Matter of Moran v Lane
2023 NY Slip Op 03866 [218 AD3d 687]
July 19, 2023
Appellate Division, Second Department
Published by New York State Law Reporting Bureau pursuant to Judiciary Law § 431.
As corrected through Wednesday, September 6, 2023


[*1]
 In the Matter of Shannon Moran, Appellant,
v
Jon Lane, Respondent. (Proceeding No. 1.) In the Matter of Jon Lane, Respondent, v Shannon Moran, Appellant. (Proceeding No. 2.)

Michael E. Lipson, Jericho, NY, for appellant.

Hanna & Vlahakis, Brooklyn, NY (Mark Hanna of counsel), for respondent.

In related proceedings pursuant to Family Court Act article 8, Shannon Moran appeals from an order of the Family Court, Kings County (Nisha Menon, Ct. Atty. Ref.), dated April 6, 2022. The order, insofar as appealed from, after a hearing, in effect, denied Shannon Moran's family offense petition and dismissed that proceeding.

Ordered that the order is affirmed insofar as appealed from, without costs or disbursements.

In September 2020, Shannon Moran filed a family offense petition seeking an order of protection against Jon Lane, with whom she had been in an intimate relationship. Lane thereafter filed a family offense petition against Moran. The two matters were heard before a court attorney referee who, in an order dated April 6, 2022, made after a consolidated hearing, in effect, denied both petitions and dismissed both proceedings. Moran appeals from so much of the order as, in effect, denied her family offense petition and dismissed her proceeding.

Initially, the court attorney referee did not exceed her jurisdiction by determining these matters as, contrary to Moran's contention, the record demonstrates that, on December 22, 2020, both parties stipulated, in the manner prescribed by CPLR 2104, to have these matters heard and determined by a court attorney referee (see Auriemmo v Auriemmo, 87 AD3d 1090, 1092 [2011]). Further, the parties did not object to the court attorney referee who heard and determined the matter (see CPLR 4312 [2]).
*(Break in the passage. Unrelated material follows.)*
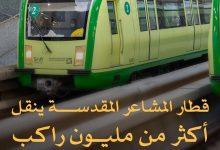 صورة قطار المشاعر ينقل أكثر من مليون راكب مع بدء تشغيله لحج 1446هـ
"In a family offense proceeding, the petitioner has the burden of establishing the offense by a fair preponderance of the evidence" (Matter of Arias v Castellanos, 191 AD3d 976, 976 [2021]; see Family Ct Act § 832). "The determination of whether a family offense was committed is a factual issue to be resolved by the Family Court, and its determinations regarding the credibility of witnesses are entitled to great weight on appeal, such that they will not be disturbed unless clearly [*2]unsupported by the record" (Matter of Gjelaj v Gjelaj, 168 AD3d 937, 938 [2019]; see Matter of Arias v Castellanos, 191 AD3d at 976-977).

Here, the court attorney referee was presented with conflicting testimony from the parties as to whether Lane had committed family offenses. The determination that Moran failed to establish a family offense was based on credibility assessments and is supported by the record (see Matter of Arias v Castellanos, 191 AD3d at 977; Matter of Johnson v Rivers, 165 AD3d 931, 932 [2018]).

Accordingly, we affirm the order insofar as appealed from. Dillon, J.P., Iannacci, Miller and Taylor, JJ., concur.